_ACTION ITEM:_ The reply is to contain the full listing, repeated exactly, with pictures left out.

_DATA SEGMENT:_
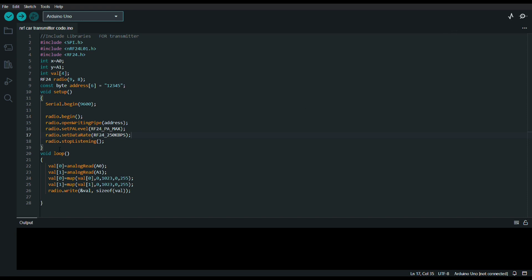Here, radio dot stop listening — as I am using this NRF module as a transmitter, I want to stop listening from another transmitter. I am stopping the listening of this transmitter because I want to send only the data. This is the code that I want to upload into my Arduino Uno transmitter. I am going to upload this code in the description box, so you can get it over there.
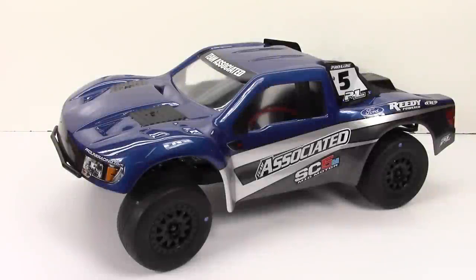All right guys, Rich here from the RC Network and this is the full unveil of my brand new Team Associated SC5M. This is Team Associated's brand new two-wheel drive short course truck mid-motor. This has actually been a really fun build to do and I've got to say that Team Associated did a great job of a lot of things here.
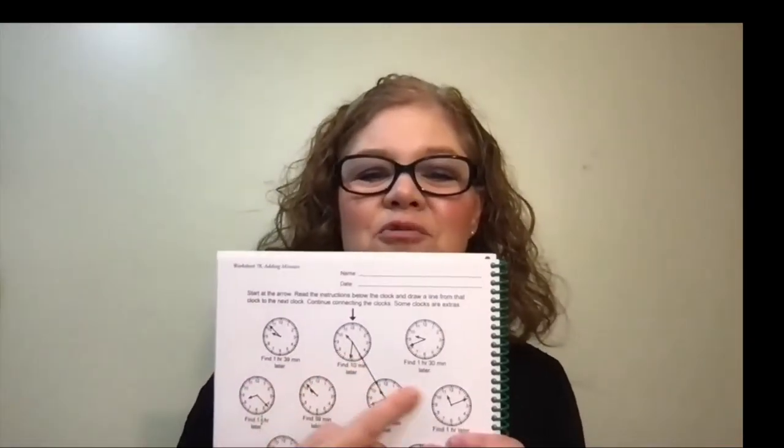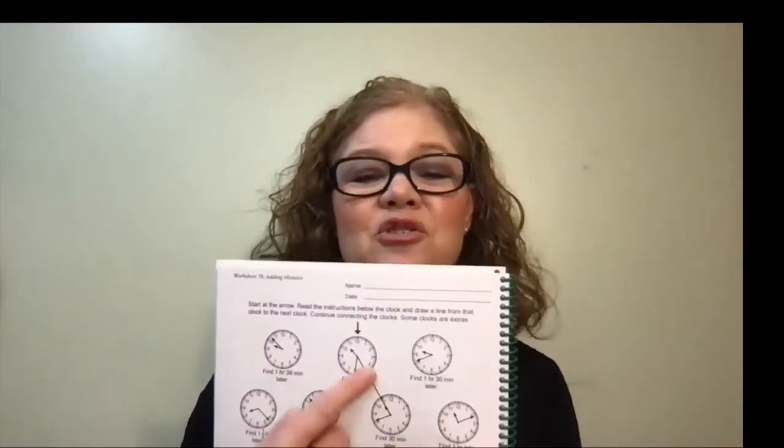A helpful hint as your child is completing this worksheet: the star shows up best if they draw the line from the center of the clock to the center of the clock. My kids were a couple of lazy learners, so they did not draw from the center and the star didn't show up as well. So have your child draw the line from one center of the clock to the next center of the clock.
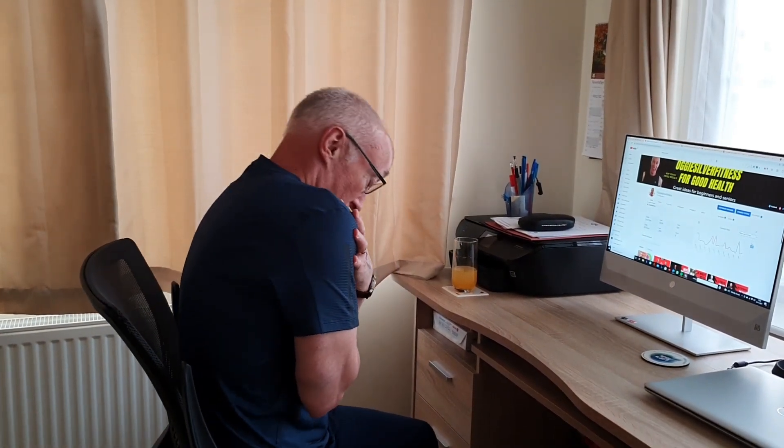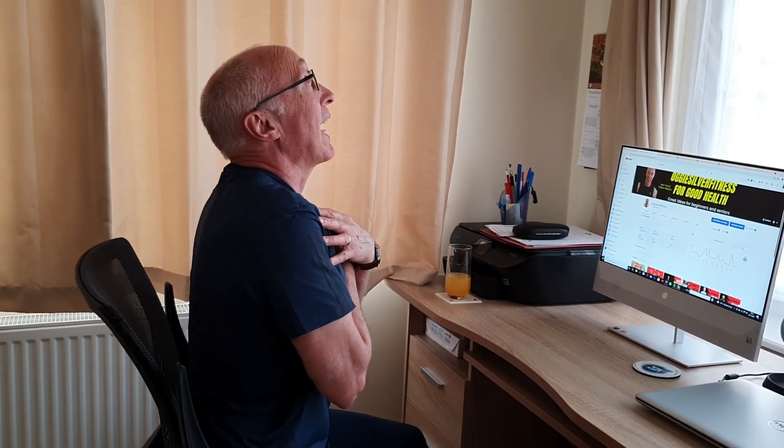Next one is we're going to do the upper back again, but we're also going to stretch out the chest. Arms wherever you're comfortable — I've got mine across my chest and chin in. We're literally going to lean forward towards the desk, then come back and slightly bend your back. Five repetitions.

_THE ANSWER:_
Here, radio dot stop listening — as I am using this NRF module as a transmitter, I want to stop listening from another transmitter. I am stopping the listening of this transmitter because I want to send only the data. This is the code that I want to upload into my Arduino Uno transmitter. I am going to upload this code in the description box, so you can get it over there.
All right guys, Rich here from the RC Network and this is the full unveil of my brand new Team Associated SC5M. This is Team Associated's brand new two-wheel drive short course truck mid-motor. This has actually been a really fun build to do and I've got to say that Team Associated did a great job of a lot of things here.
A helpful hint as your child is completing this worksheet: the star shows up best if they draw the line from the center of the clock to the center of the clock. My kids were a couple of lazy learners, so they did not draw from the center and the star didn't show up as well. So have your child draw the line from one center of the clock to the next center of the clock.
Next one is we're going to do the upper back again, but we're also going to stretch out the chest. Arms wherever you're comfortable — I've got mine across my chest and chin in. We're literally going to lean forward towards the desk, then come back and slightly bend your back. Five repetitions.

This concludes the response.